SOURCE DATA:
------------------------------

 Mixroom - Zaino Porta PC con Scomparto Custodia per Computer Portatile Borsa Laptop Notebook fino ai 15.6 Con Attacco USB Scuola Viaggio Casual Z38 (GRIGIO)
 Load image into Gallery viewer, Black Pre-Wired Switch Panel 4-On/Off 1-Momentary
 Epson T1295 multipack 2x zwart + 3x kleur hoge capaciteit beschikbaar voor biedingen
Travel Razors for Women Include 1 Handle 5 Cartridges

------------------------------

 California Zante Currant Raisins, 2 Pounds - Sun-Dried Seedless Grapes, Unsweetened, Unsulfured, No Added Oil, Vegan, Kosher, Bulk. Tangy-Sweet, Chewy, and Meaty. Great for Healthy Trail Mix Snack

------------------------------

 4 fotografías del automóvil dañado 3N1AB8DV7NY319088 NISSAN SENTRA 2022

------------------------------

WHAT TO PRODUCE: For this exercise, repeat exactly the lines of the data above from the one with "Mixroom - Zaino" down to the one with "Load image into", both end lines included.

ANSWER SPACE:
 Mixroom - Zaino Porta PC con Scomparto Custodia per Computer Portatile Borsa Laptop Notebook fino ai 15.6 Con Attacco USB Scuola Viaggio Casual Z38 (GRIGIO)
 Load image into Gallery viewer, Black Pre-Wired Switch Panel 4-On/Off 1-Momentary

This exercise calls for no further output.